(What to work on): With the first line below as the start and the line containing "Fashion TV Tray" as the end, copy every line between them exactly, ends included.
■ ■ ■ ■ ■ ■ ■
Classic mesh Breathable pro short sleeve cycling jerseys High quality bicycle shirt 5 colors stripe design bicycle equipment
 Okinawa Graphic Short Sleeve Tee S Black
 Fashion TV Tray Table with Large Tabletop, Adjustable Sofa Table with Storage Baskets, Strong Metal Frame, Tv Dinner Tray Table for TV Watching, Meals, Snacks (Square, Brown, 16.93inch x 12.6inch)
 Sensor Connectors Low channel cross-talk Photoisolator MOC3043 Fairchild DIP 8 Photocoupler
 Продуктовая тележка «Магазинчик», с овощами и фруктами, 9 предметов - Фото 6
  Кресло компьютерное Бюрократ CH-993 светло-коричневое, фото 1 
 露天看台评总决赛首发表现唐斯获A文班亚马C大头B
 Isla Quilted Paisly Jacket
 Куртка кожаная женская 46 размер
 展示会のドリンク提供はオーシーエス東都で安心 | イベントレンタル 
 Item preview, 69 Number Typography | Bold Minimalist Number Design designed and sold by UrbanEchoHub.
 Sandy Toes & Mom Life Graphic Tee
■ ■ ■ ■ ■ ■ ■
(Exercise output):
Classic mesh Breathable pro short sleeve cycling jerseys High quality bicycle shirt 5 colors stripe design bicycle equipment
 Okinawa Graphic Short Sleeve Tee S Black
 Fashion TV Tray Table with Large Tabletop, Adjustable Sofa Table with Storage Baskets, Strong Metal Frame, Tv Dinner Tray Table for TV Watching, Meals, Snacks (Square, Brown, 16.93inch x 12.6inch)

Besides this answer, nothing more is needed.